Damn I'm glad I live in Texas haha. I feel bad for you guys up there paying 60+ cents/gallon, that's ridiculous.


----------



## 8350HiTech (Jul 26, 2013)

Pennsylvania has a ridiculous amount of highway miles and an especially unbelievable amount of bridges. I'm not saying we have good roads (we don't) or that the money is being especially well spent (it's probably not) but there a half dozen bridges being rebuilt near here so something is happening at least.


----------



## hillside hay (Feb 4, 2013)

I have the geographically opposite problem you have Ralph. Our corruption comes the way of Hudson outlet and oooh bout halfway up. You canwalk into any diner hereabouts and hear talk of secession. At least in PA they fix a bridge or two. In NY ifit doesn't affect NYC or Albany they just shut it down if it gets to be too bad. 90% of our upstate bridges are in major need of repair.


----------



## Vol (Jul 5, 2009)

I think most every state is re-doing bridges....as in most instances they have become age obsolete in capacity, width, or with structural deterioration.

Regards, Mike


----------



## Grateful11 (Apr 5, 2009)

GasBuddy is your best friend when comes to finding the best fuel prices.

NC states part of that $0.5465 is I believe $0.36/gallon. The powers that be in Raleigh are trying to push through a bill to lower it to $0.30 but then turn around nearly double everything else that has to do with driving.

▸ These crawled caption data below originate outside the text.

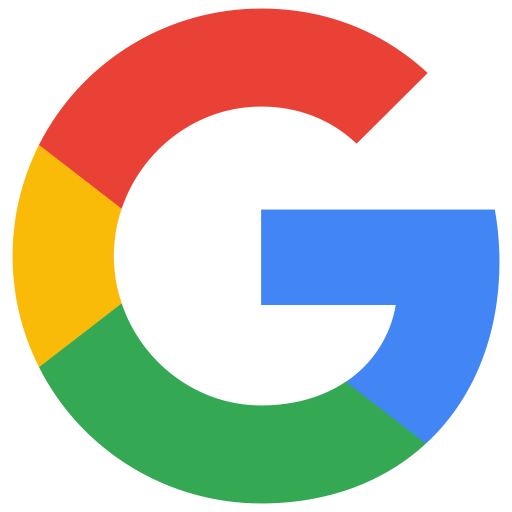 social-icon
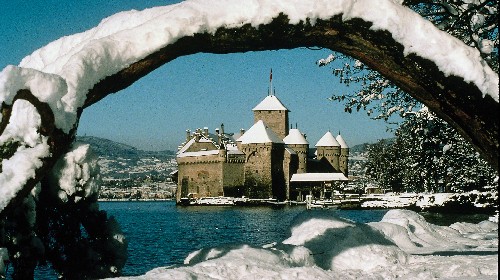 捷克旅游线路攻略_捷克自助游_团队游线路\/旅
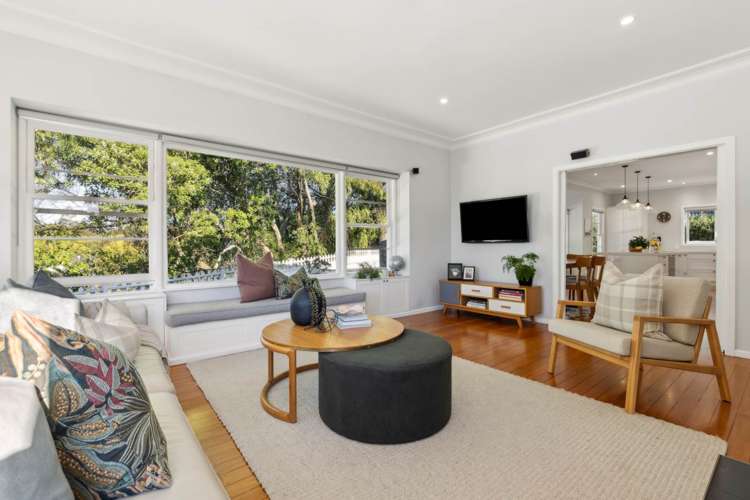 152 Edinburgh Street Pukekohe_11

Tags are going to nearly double, Drivers license is going to nearly double, inspections are going up and they're pushing for Toll lanes on certain highways that will cost so much only the richest will be able to afford to ride the Toll lane. Mooresville is a bedroom community for the some of the highest paid people working in Charlotte.

http://www.charlotteobserver.com/news/local/article9096797.html

"These are not your parents' tolls of 25 cents into the basket," the group says on its website. "The cost for these tolls from Mooresville to Charlotte could cost $5, $6.50 and up to $16 or more each way."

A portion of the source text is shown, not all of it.